The news was supposed to be Nrityagram’s collaboration with the Chritasena troupe of Sri Lanka, for a fusion of South Asian temple-dance idioms. But the two lovely young practitioners of the island’s Kandyan dance had little to add to their mainland neighbour’s ever-more complete and mesmerising elaboration of Odissi.
The lack of embroidery in Kandyan hints at its origins in exorcism ritual. The dancers – female here, though traditionally male and bare-chested – assumed a wide stance, with arms projecting out from the shoulders flat and stiff as a board, and responded to the crude drumbeat with one step per bonk. The idea seemed to be: root out the demon by emulating his monster machismo.
Nrityagram, by contrast, needed harmonium, flute, violin, voice and two-headed drum to do justice to its intricate gestures and rhythms. Voluptuous Odissi is organised around a figure of eight – the sign for infinity. The legs’ sweep, the sensuous slow heel-toe walk, the darting eyes, the roll of head on neck, the fan of fingers and the asymmetrical pose at the dance’s root all curve. Beside this wending poetry, Kandyan read like Dr Seuss.

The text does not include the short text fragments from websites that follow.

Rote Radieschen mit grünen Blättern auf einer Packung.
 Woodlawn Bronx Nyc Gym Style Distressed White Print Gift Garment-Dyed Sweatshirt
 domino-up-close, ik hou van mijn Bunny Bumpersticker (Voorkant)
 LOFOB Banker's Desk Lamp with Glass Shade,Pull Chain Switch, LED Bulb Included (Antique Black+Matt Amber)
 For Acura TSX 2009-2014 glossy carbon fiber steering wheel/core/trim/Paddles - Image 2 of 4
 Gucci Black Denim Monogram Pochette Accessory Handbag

Thankfully the Sri Lankans were limited to the beginning and end of the two-hour programme (until Sunday), so there was room for the real news: Nrityagram’s decade of experimentation has paid off. In the evening’s pièce de résistance, artistic director and choreographer Surupa Sen brilliantly met the challenge of classical dance: how it might speak in the language of now without being wrenched from its foundation.
In her meditation on Shiva, which she performed with stunning long-time troupe member Bijayini Satpathy, Sen did not forgo the iconic gestures: the flaming claw of a hand for Shiva rattling his drum or the palm waving beside the head for the Ganges flowing from his locks. But she scaled the steps to intensify the poetry and multiply the meanings. Sometimes you zoomed in – on a heel slowly touching the ground or on eyes crossing in mad zeal – and sometimes you zoomed out to take in the dancers’ fiery gallop or the weave of steps between them.
The effect was like having a third eye and seeing everything all at once. Of the Indian dance I have encountered, I have never been so dazzled or so moved.